Но Марию ожидало еще большее испытание. Ей пришлось проститься с любимым мужем. Хуже того, в прощальных словах Филипп упомянул о леди Елизавете и еще раз повторил об этом в письме к королеве, написанном после прибытия в Брюссель. Корабль Филиппа отплыл из Гринвича, и королева погрузилась в глубокую меланхолию, которая продлилась много месяцев. «Честно говоря, лицо королевы заметно осунулось с того времени, когда я видел ее в последний раз, — писал венецианский посол Микеле. — Огромная нужда в присутствии консорта преследует ее, и, как она мне сказала, в последние несколько дней она почти лишилась сна»[499]. Страдания от разлуки с обожаемым мужем еще больше усугублялись слухами о его романах с дамами при фламандском дворе.

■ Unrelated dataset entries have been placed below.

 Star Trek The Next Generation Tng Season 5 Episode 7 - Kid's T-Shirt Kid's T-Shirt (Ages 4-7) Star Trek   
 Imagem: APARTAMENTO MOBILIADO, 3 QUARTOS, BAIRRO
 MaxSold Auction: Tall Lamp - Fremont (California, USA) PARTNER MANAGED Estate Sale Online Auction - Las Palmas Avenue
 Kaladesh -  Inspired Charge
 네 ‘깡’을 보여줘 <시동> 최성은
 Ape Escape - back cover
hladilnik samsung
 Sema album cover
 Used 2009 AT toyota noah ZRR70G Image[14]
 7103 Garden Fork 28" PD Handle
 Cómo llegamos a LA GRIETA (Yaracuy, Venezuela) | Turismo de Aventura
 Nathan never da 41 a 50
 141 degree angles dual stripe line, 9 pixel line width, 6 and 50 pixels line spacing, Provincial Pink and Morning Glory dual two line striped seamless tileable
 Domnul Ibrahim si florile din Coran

Но в Рождество 1556 года Мария устроила традиционные придворные празднества. За ними последовали радостные новогодние пиры. Несмотря на все свои недостатки, она была очень щедра по отношению к тем, кто ей служил: придворным и слугам она раздала около трехсот подарков[500]. Она не забыла никого — и великих, таких, как кардинал Поул, и малых, например, свою прачку Беатрис ап Райс, которая служила ей с того времени, когда Марии было три года. Она сделала подарки сиделке своего брата Сибил Пенн, своим поставщикам рыбы, фруктов, чулок и сладостей. Кондитер отблагодарил королеву отличным пирогом с айвой. Сестра подарила Марии роскошную юбку и пару рукавов «из серебряной парчи с богатой вышивкой»[501]. Подарок был хорошо продуман. Елизавета знала, что Мария обновляет гардероб в надежде на то, что муж вскоре к ней вернется.

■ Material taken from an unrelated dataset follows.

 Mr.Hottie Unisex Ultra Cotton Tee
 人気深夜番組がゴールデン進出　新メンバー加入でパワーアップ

Но месяцы шли, а Филипп и не собирался возвращаться. Мария писала Карлу V письма с мольбами вернуть ей «радость и утешение». Она писала, что без его сына королевство пришло в «несчастное состояние». Карл V не собирался отвечать на ее просьбы. Здоровье его пошатнулось, и он постепенно передавал управление значительными частями своей огромной империи другим людям. В январе 1556 года он отрекся от испанской короны в пользу сына. Новые обязанности послужили Филиппу прекрасным поводом не возвращаться к опостылевшей жене. В Англию он отплыл лишь в марте 1557 года. Счастливая Мария поспешила в Гринвич, чтобы приветствовать его дома.
Но Филипп не был рад возвращению. Судя по описанию внешности Марии на тот момент, она сильно постарела. Хотя ей был всего сорок один год, ее лицо покрылось морщинами, «вызванными более скорбью, чем годами, и это делало ее старше ее истинных лет», — отмечал венецианский посол Джованни Микеле. Трагедии последних лет придали ее лицу «мрачное и спокойное выражение». Микеле заметил, что она казалась «тонкой и хрупкой, и совсем непохожей ни на своего отца, который был высоким и плотно сложенным, ни на мать, которая хоть и не отличалась высоким ростом, но была довольно крепкой». У Марии ухудшилось зрение, и теперь она «не могла читать или заниматься чем-то еще, не приближая глаз к предмету». И все же Микеле настаивал на том, что, хотя королеву нельзя более называть, как «более чем умеренно прелестной», как в ее юные годы, но «не следует говорить о ней плохо за то, что она хочет казаться красивой»[502].